The new DOL FLSA requirements do not change the process for determining if someone should be classified as an exempt or non-exempt employee, and this is where many law firms make their first mistake. Many do not apply the “tests” and just assume their staff are exempt. The FLSA has three “tests” to determine if someone can be considered exempt. They are:
- The “salaries basis test”: is the person paid a fixed salary that does not change due to the quality or quantity of the person’s work.
- The “salary level test”: is the person paid $913/week or $47,476 annually (previously this was $455/week or $23,660 annually). Note that this is the test that will change on 12/1/2016.
- The “duties test”: does the person perform executive, administrative or professional duties (EAP duties) as defined in the DOL’s regulations.
Worth noting is that the DOL FLSA documents explicitly state that attorneys (and according to the FLSA changes in 2004 in 541.301(e)(7), more recently certain paralegal or legal administration staff “who possess advanced specialized degrees in other professional fields and apply advanced knowledge in that field in the performance of their duties”) typically are affected by tests 1 and 2.
The real truth.
If a person does not (or did not) meet all three of these tests, they have always (or should have) been classified as non-exempt and been paid overtime.

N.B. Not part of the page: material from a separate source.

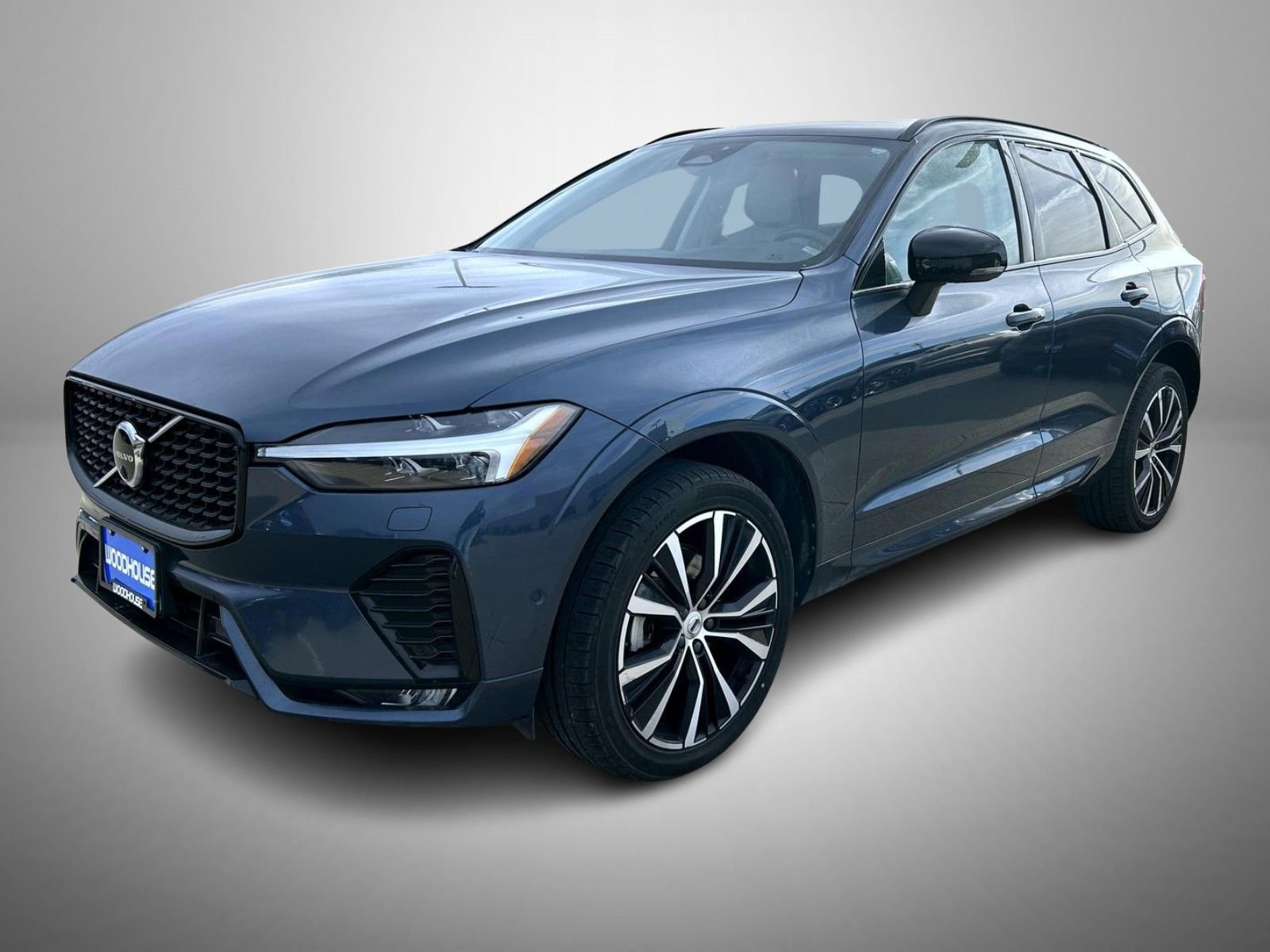 Used 2023 Volvo XC60 B5 Plus AWD/4WD image 1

Rules that also changed are:
- The exemption for Highly Compensated Employees (HCE) who earn a total annual compensation of $134,004 was changed from $100,00 annually. Someone with annual earnings above this number will typically be categorized as overtime exempt.
- Employers can attribute up to 10% of non-discretionary pay towards the “salary level test” of a non-HCE but these payments must be paid no less than quarterly.
- The “salary level test” and HCE salary level exemption will be automatically updated every 3 years.
Two sides of the same coin.
Some law firm partners and others responsible for labor costs probably don’t enjoy yet another regulation telling them how and what they should pay their employees. However, it’s been this way for years. One the other side of that same coin, you have the employees of many law firms who are happy for the pay increase that comes with overtime. As with most decisions, whether imposed or agreed upon, one side isn’t going to be happy.
However, employers do have options on how they can handle the changes. The DOL expects employers to do one or more of the following:
- Give employees who are close the new exempt salary level and who meet the other “tests” pay increases to avoid paying overtime pay
- Pay the employees overtime
- Reduce or eliminate overtime hours
- Reduce base salaries and pay overtime when applicable, thereby accounting for the expected increase in pay to the employee in an effort to maintain salary close to the employee’s original pay.
Two of the options tangibly benefit the employee, and the other benefits the employer; at least that’s how it is perceived by both parties. The real benefit will typically be somewhere in between.
What is the fallout?
The DOL published facts regarding the overall financial impact to US businesses and workers:
1. For employees, it is estimated that 4.2 million white collar workers will either:
a. Have fewer work hours.
b. Start to receive overtime for hours worked over 40/week.
c. Have salaries increased to meet the minimum in the “salary level test.”
2. For employers:
a. The DOL estimates that the new rules will clarify overtime requirements for 8.9 million overtime-eligible salaried employees (5.7 million salaried white collar workers and 3.2 million salaried blue collar workers), and force employers to re-evaluate their employees’ status.
b. Employers will have to change the status of a DOL-estimated 732,000 workers who are already incorrectly classified.
Like it or not, one of the reasons the FLSA was passed was to ensure the financial balance of power between employers and employees, and to provide guidelines to ensure corporate America does not take advantage of its workforce. How the new FLSA changes will impact each law firm is to be seen and will vary from firm to firm. One thing for sure is that with the “Automatic Adjusting” change, DOL intends to keep the FLSA effective for the American worker, and we should expect more changes in 2019.